The complex determinant is determined up to a global scaling factor by the fact that it is multilinear and skew-symmetric. Let us try to understand the phase of the determinant. For that purpose, let us restrict our attention to $G = U(n)$. Let $E = G \times U(1)$ be the trivial $U(1)$ bundle over $G$. Let $T$ denote a maximal torus of $G$; to fix the ideas, let us assume it is the one consisting of all diagonal matrices in $G$. Let $N(T)$ denote the normalizer of $T$ in $G$. $N(T)$ is the semi-direct product of $T$ with the symmetric group $S_n$ ($S_n$ is the full permutation group on $n$ elements).
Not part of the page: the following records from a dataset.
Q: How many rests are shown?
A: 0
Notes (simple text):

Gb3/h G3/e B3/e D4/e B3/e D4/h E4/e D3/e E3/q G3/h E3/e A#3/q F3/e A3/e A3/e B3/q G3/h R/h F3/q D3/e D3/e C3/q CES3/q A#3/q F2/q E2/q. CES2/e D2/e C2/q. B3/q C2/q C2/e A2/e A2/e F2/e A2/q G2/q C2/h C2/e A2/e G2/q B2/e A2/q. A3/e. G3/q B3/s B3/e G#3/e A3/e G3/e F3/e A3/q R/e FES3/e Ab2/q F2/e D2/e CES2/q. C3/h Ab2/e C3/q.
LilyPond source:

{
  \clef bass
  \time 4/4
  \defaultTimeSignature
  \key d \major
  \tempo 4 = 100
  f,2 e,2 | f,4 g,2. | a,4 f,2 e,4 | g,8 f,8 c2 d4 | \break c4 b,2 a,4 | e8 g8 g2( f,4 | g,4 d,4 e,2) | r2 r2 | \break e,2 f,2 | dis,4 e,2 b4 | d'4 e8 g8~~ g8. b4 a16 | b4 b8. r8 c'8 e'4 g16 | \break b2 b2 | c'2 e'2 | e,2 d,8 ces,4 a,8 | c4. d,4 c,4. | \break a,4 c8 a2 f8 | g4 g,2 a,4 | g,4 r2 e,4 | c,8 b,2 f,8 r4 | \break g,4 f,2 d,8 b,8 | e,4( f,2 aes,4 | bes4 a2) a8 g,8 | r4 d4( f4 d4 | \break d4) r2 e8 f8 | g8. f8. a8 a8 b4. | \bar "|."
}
We can now say that the determinant is a global smooth section $s$ of $E$ over $G$ which is further $N(T)$-equivariant.

Question 1: do these properties determine $s$ up to a global phase factor?

If we let $\nabla$ denote the unique flat connection on $E$ which makes the actual determinant function parallel (i.e. covariantly constant) everywhere, then if we require that the section $s$ be covariantly constant with respect to $\nabla$, then we recover the determinant function uniquely up to a global phase factor, and the symmetry properties under $N(T)$ are automatically satisfied.
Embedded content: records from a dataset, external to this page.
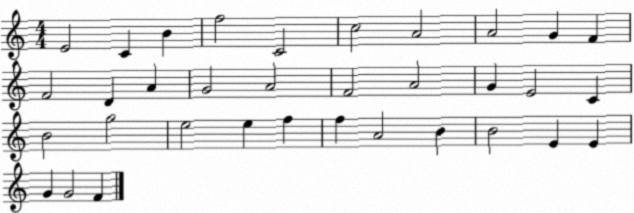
X:1
T:Untitled
M:4/4
L:1/4
K:C
E2 C B f2 C2 c2 A2 A2 G F F2 D A G2 A2 F2 A2 G E2 C B2 g2 e2 e f f A2 B B2 E E G G2 F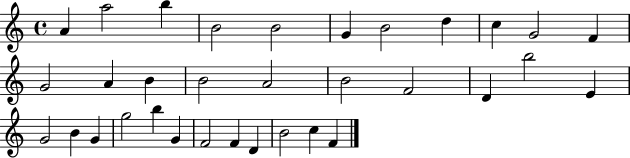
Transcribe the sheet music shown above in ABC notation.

X:1
T:Untitled
M:4/4
L:1/4
K:C
A a2 b B2 B2 G B2 d c G2 F G2 A B B2 A2 B2 F2 D b2 E G2 B G g2 b G F2 F D B2 c F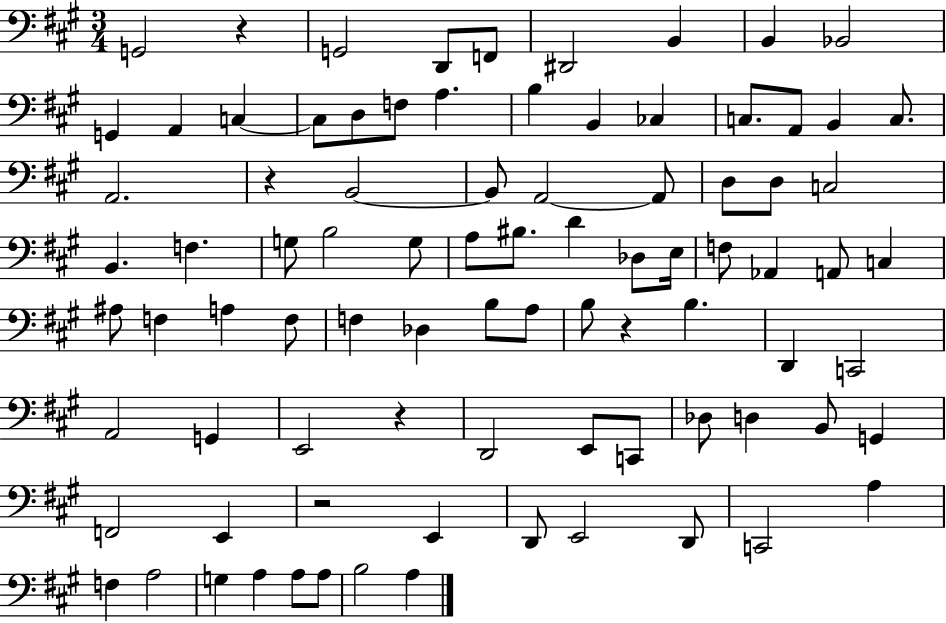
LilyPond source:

{
  \clef bass
  \numericTimeSignature
  \time 3/4
  \key a \major
  g,2 r4 | g,2 d,8 f,8 | dis,2 b,4 | b,4 bes,2 | \break g,4 a,4 c4~~ | c8 d8 f8 a4. | b4 b,4 ces4 | c8. a,8 b,4 c8. | \break a,2. | r4 b,2~~ | b,8 a,2~~ a,8 | d8 d8 c2 | \break b,4. f4. | g8 b2 g8 | a8 bis8. d'4 des8 e16 | f8 aes,4 a,8 c4 | \break ais8 f4 a4 f8 | f4 des4 b8 a8 | b8 r4 b4. | d,4 c,2 | \break a,2 g,4 | e,2 r4 | d,2 e,8 c,8 | des8 d4 b,8 g,4 | \break f,2 e,4 | r2 e,4 | d,8 e,2 d,8 | c,2 a4 | \break f4 a2 | g4 a4 a8 a8 | b2 a4 | \bar "|."
}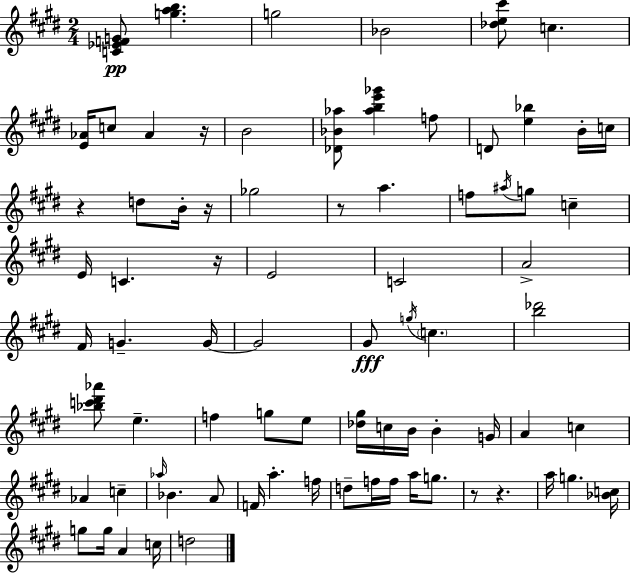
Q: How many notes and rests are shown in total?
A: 78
What remains to be done, is to describe this flat connection $\nabla$ on $E$ in a way that does not involve the determinant function, so as to avoid circularity.
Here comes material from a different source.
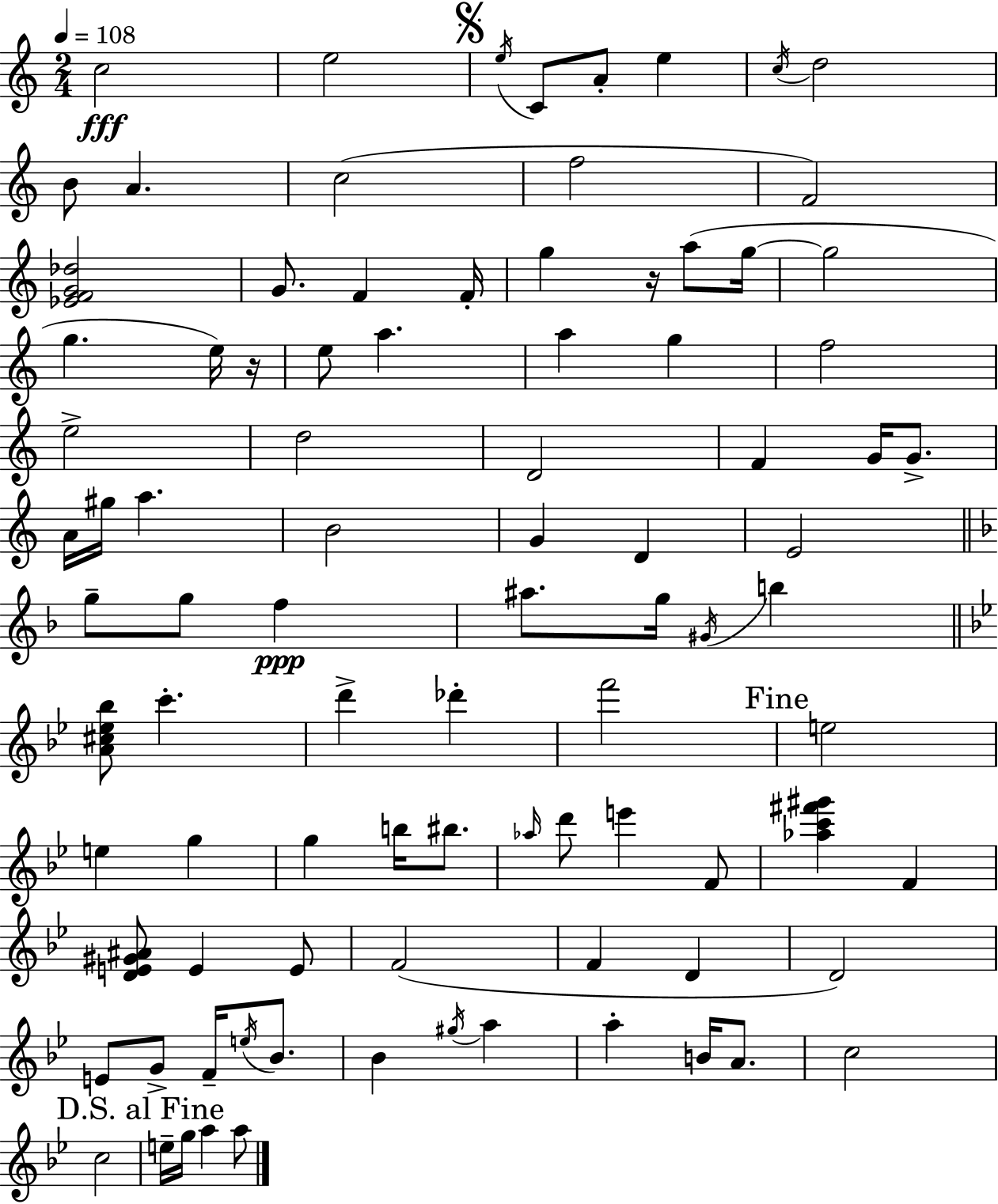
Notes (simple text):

C5/h E5/h E5/s C4/e A4/e E5/q C5/s D5/h B4/e A4/q. C5/h F5/h F4/h [Eb4,F4,G4,Db5]/h G4/e. F4/q F4/s G5/q R/s A5/e G5/s G5/h G5/q. E5/s R/s E5/e A5/q. A5/q G5/q F5/h E5/h D5/h D4/h F4/q G4/s G4/e. A4/s G#5/s A5/q. B4/h G4/q D4/q E4/h G5/e G5/e F5/q A#5/e. G5/s G#4/s B5/q [A4,C#5,Eb5,Bb5]/e C6/q. D6/q Db6/q F6/h E5/h E5/q G5/q G5/q B5/s BIS5/e. Ab5/s D6/e E6/q F4/e [Ab5,C6,F#6,G#6]/q F4/q [D4,E4,G#4,A#4]/e E4/q E4/e F4/h F4/q D4/q D4/h E4/e G4/e F4/s E5/s Bb4/e. Bb4/q G#5/s A5/q A5/q B4/s A4/e. C5/h C5/h E5/s G5/s A5/q A5/e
What we know about $\nabla$ is that it is a flat connection on the trivial $U(1)$ bundle $E$ over $G = U(n)$, such that there exists a global parallel section $s$, unique up to a global phase factor, which is equivariant under $N(T)$.

Question 2: how can $\nabla$ be the defined directly (say using Maurer-Cartan 1-forms and geometric things like that)?

Edit: The whole point of my post, is to be able to define the determinant function on $U(n)$, simply as a parallel section (parallel with respect to the connection $\nabla$) which has the value 1 at the identity.

Answer 1

The answer to your Question 1 is 'no', there are other global smooth sections of $E$ that are invariant under $N(T)$. For example, the section $s:G\to E = G\times \mathrm{U}(1)$ defined by $s(A) = (A,1)$ is also a global smooth section that is invariant under $N(T)$. In fact, if $f:G\to\mathbb{R}$ is any $N(T)$-invariant function (such as, for example, $f(A) = |\mathrm{tr}(A)|^2$), then $s(A) = (A,\mathrm{e}^{i\,f(A)})$ is a smooth $N(T)$-invariant section of $E$.

The answer to your Question 2 is as follows: You need to specify the connection $1$-form on $E$. If $p:E\to \mathrm{U}(1)$ is the projection onto the second factor, then you take the connection $1$-form to be $$ \pi = p^{-1}\,\mathrm{d}p - \mathrm{tr}(g^{-1}\,\mathrm{d}g), $$ where $g:E\to G$ is the projection onto the first factor. Then the section $s:G\to E$ defined by $s(A) = \bigl(A,\det(A)\bigr)$ satisfies $$ s^*\pi = (\det(A))^{-1}\mathrm{d}(\det(A)) - \mathrm{tr}(A^{-1}\,\mathrm{d}A) = 0, $$ so $s$ is a $\nabla$-parallel section of $E$, where $\nabla$ is the connection whose canonical $1$-form is $\pi$.